* [TASK OBJECTIVE]: Repeat the full listing below verbatim and keep the images out.

* [DATA EXTRACT]:

□ □ □ □ □ □ □

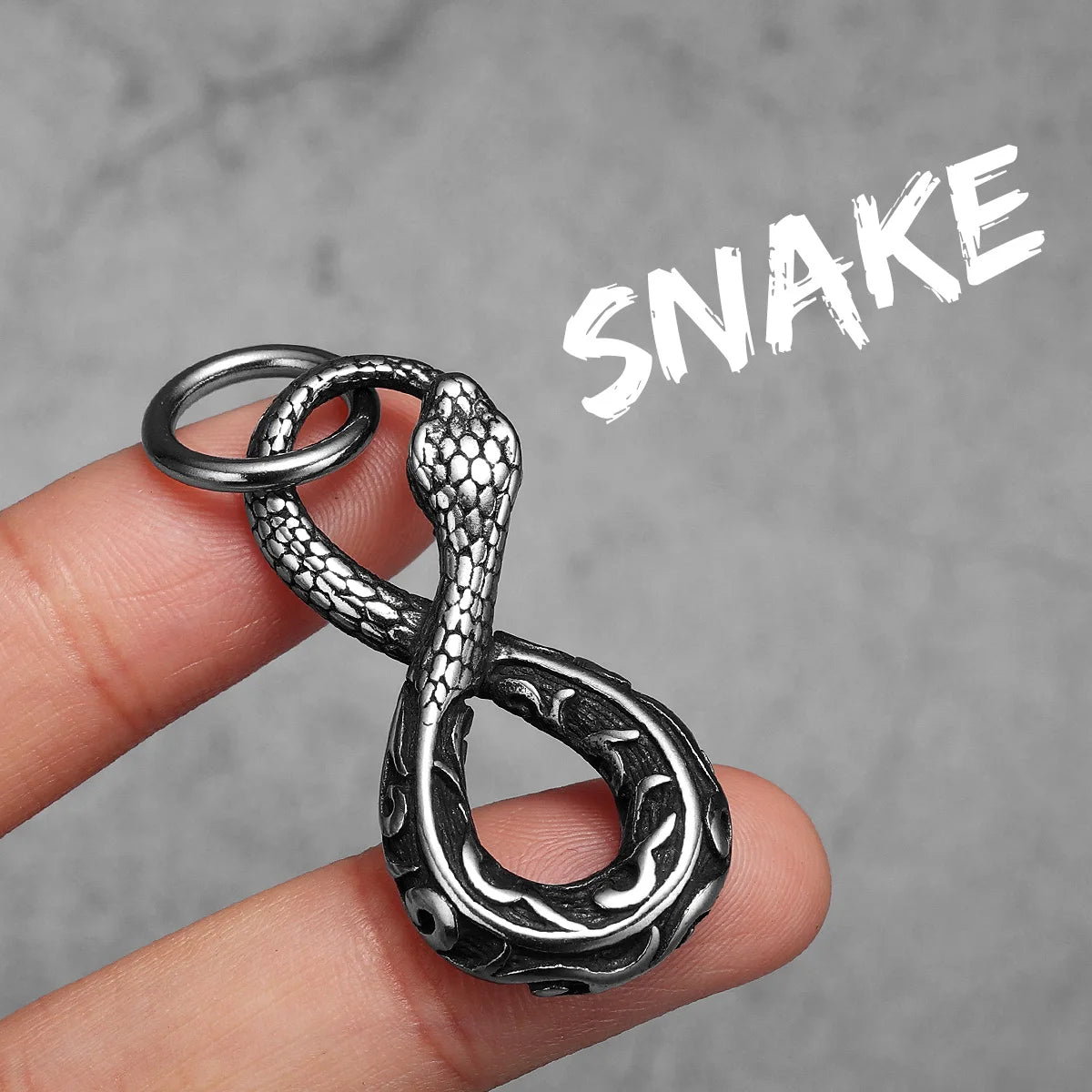Ouroboros Eight Snake Men Necklaces with Pendant Stainless Steel Jewelry for Male Women Punk Hip Hop Accessories Gifts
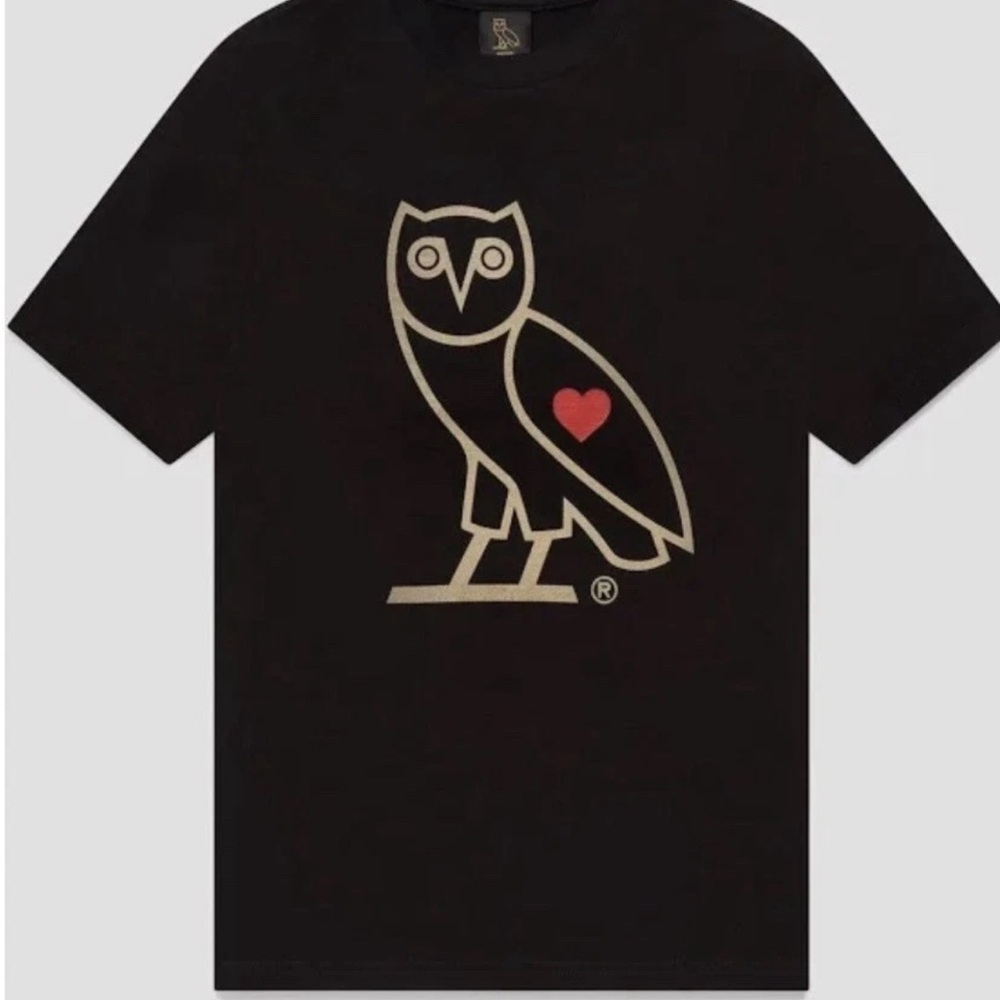OVO Black Tee with Owl and Red Heart
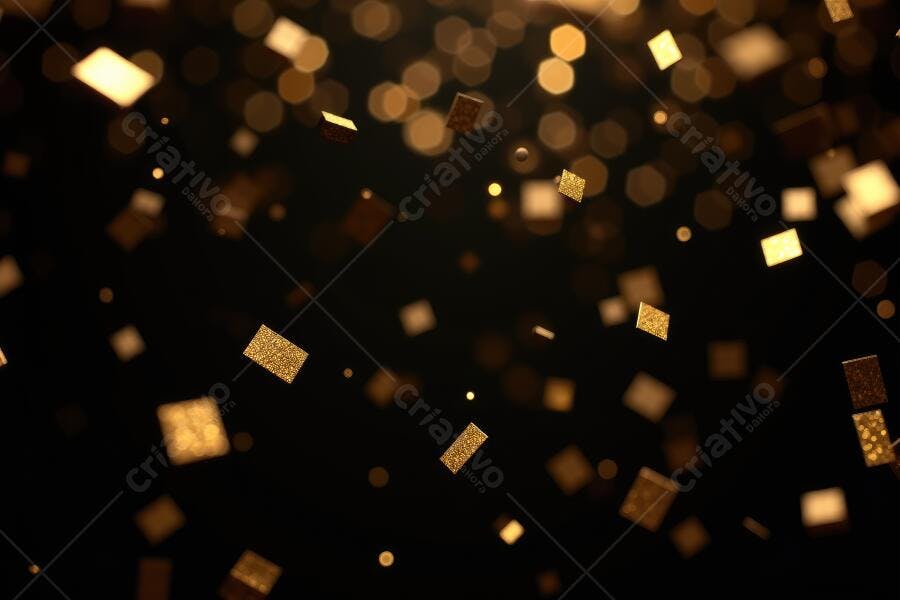 Foto Confetes Dourados Caindo Fundo Preto Celebração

□ □ □ □ □ □ □

* [WRITTEN SOLUTION]:
Ouroboros Eight Snake Men Necklaces with Pendant Stainless Steel Jewelry for Male Women Punk Hip Hop Accessories Gifts
OVO Black Tee with Owl and Red Heart
 Foto Confetes Dourados Caindo Fundo Preto Celebração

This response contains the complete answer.